# Copyright (c) Huawei Technologies Co., Ltd. 2023-2025. All rights reserved.
"""BTDL文档加载器"""

import hashlib
from typing import Any

import yaml

btdl_spec = []


"""
基本的载入形态:

{"docker": ("描述", [{全局options}], {"cmd1名字": ("cmd1描述", "cmd1用法", [{cmd1选项}], [{cmd1参数}], "cmd1例子")})}
"""
class BTDLLoader:
    """二进制描述文件 加载器"""

    @staticmethod
    # 循环检查每一个参数,确定为合法JSON Schema
    def _check_single_argument(argument: dict[str, Any], *, strict: bool = True) -> None:
        """检查单个参数的JSON Schema是否正确"""
        if strict and "name" not in argument:
            err = "argument must have a name"
            raise ValueError(err)
        if strict and "description" not in argument:
            err = f"argument {argument['name']} must have a description"
            raise ValueError(err)
        if "type" not in argument:
            err = f"argument {argument['name']} must have a type"
            raise ValueError(err)
        if argument["type"] not in ["string", "integer", "number", "boolean", "array", "object"]:
            err = f"argument {argument['name']} type not supported"
            raise ValueError(err)
        if argument["type"] == "array":
            if "items" not in argument:
                err = f"argument {argument['name']}: array type must have items"
                raise ValueError(err)
            BTDLLoader._check_single_argument(argument["items"], strict=False)
        if argument["type"] == "object":
            if "properties" not in argument:
                err = f"argument {argument['name']}: object type must have properties"
                raise ValueError(err)
            for value in argument["properties"].values():
                BTDLLoader._check_single_argument(value, strict=False)

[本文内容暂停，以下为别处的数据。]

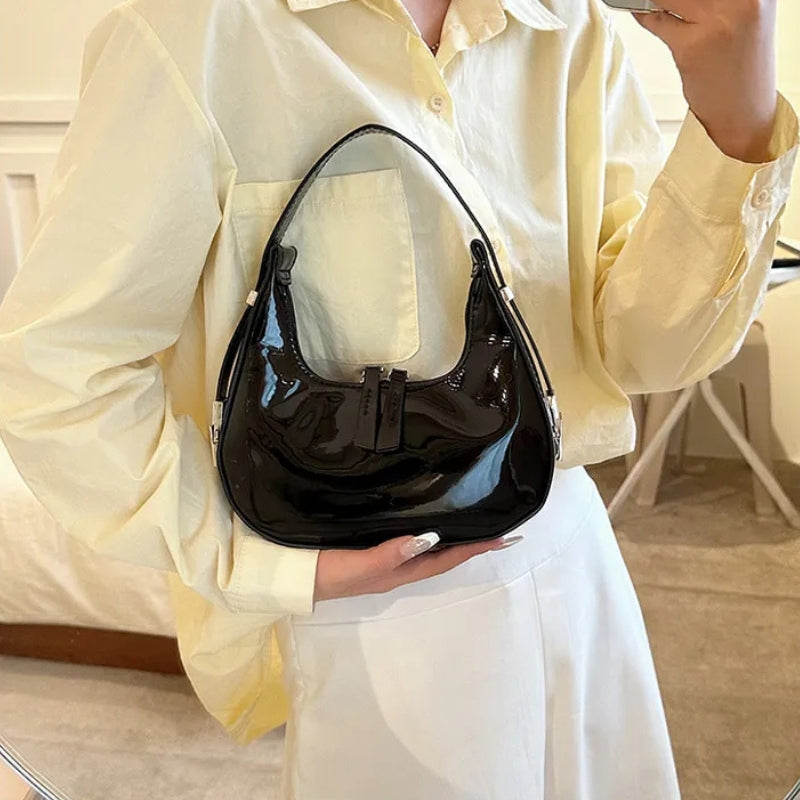 Women's Shoulder Bag with Zip Closure | Small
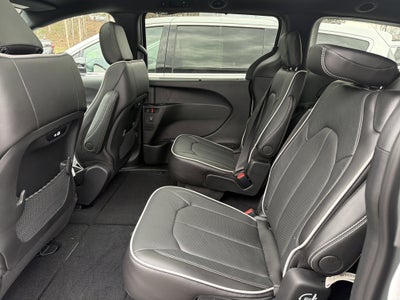 2026 Chrysler Pacifica Limited AWD
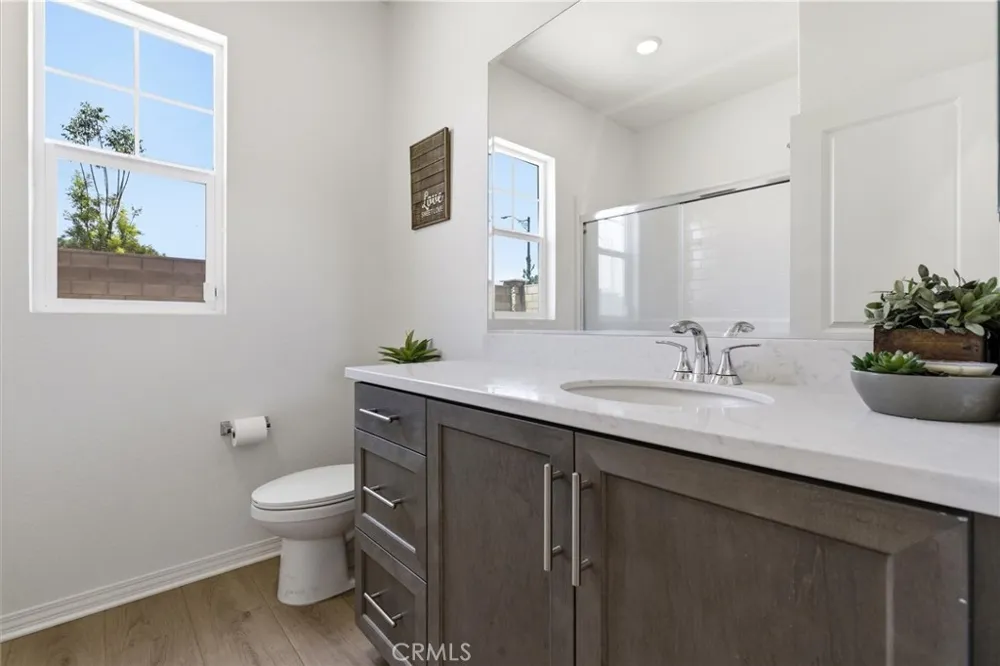 2684 E Towhee Ontario, CA 91761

    def _load_single_subcmd(self, binary_name: str, subcmd_spec: dict[str, Any]) -> dict[str, tuple[str, str, dict[str, Any], dict[str, Any], str]]:
        """加载单个子命令"""
        if "name" not in subcmd_spec:
            err = "subcommand must have a name"
            raise ValueError(err)
        name = subcmd_spec["name"]

        if "description" not in subcmd_spec:
            err = f"subcommand {name} must have a description"
            raise ValueError(err)
        description = subcmd_spec["description"]

        if "usage" not in subcmd_spec:
            # OPTS和ARGS算保留字
            usage = "{OPTS} {ARGS}"
        else:
            if not isinstance(subcmd_spec["usage"], str):
                err = f"subcommand {name}: usage must be a string"
                raise ValueError(err)
            usage = subcmd_spec["usage"]

        options = {}
        option_docs = []
        if "options" in subcmd_spec:
            if not isinstance(subcmd_spec["options"], list):
                err = f"subcommand {name}: options must be a list"
                raise ValueError(err)

            for item in subcmd_spec["options"]:
                BTDLLoader._check_single_argument(item)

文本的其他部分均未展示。